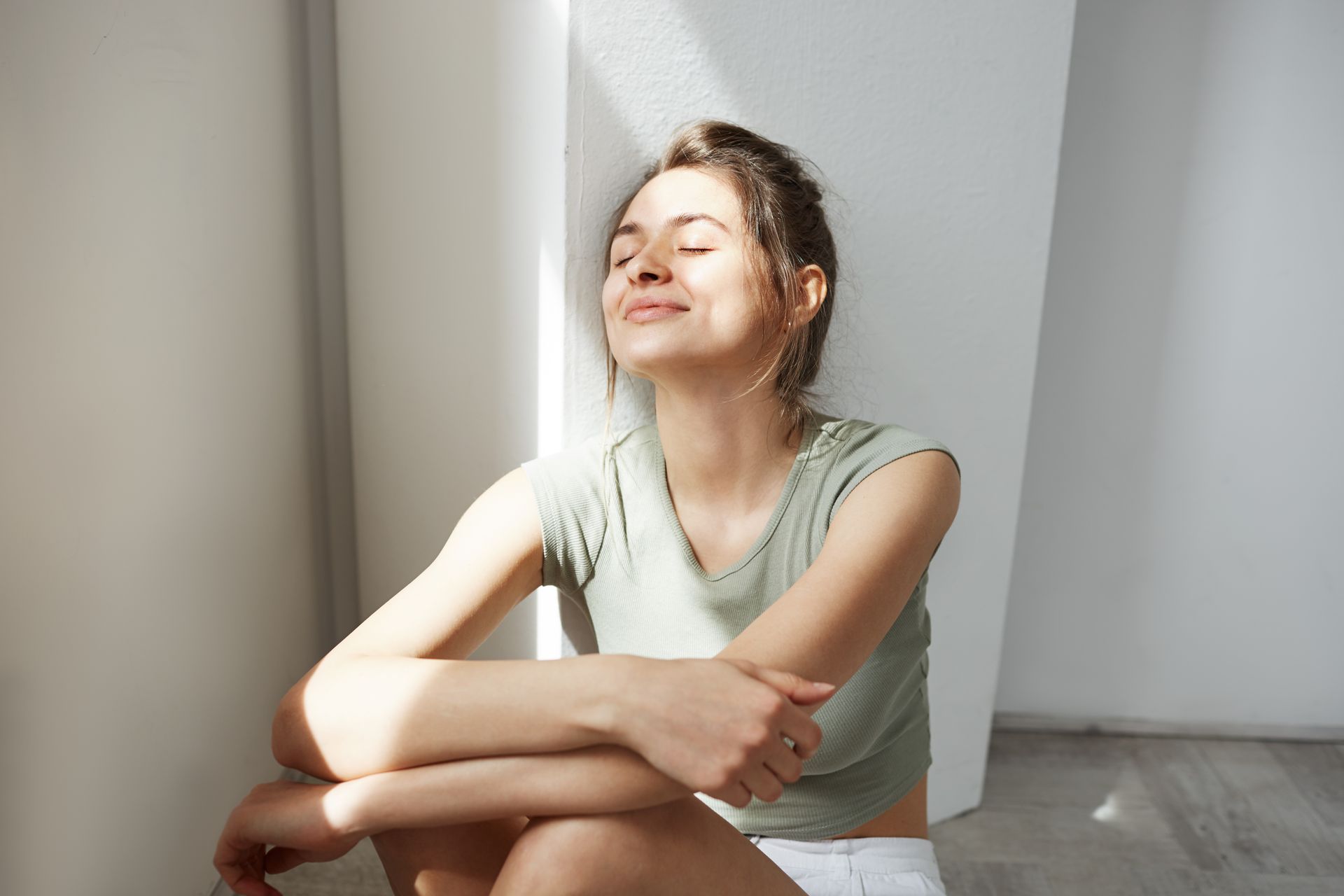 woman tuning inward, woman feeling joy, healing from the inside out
•••••
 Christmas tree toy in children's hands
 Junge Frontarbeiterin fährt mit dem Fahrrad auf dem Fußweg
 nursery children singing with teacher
•••••
▸ **Task instructions**
Where a line of the records has the string "children", copy that line.

▸ **Exercise output**
 Christmas tree toy in children's hands
 nursery children singing with teacher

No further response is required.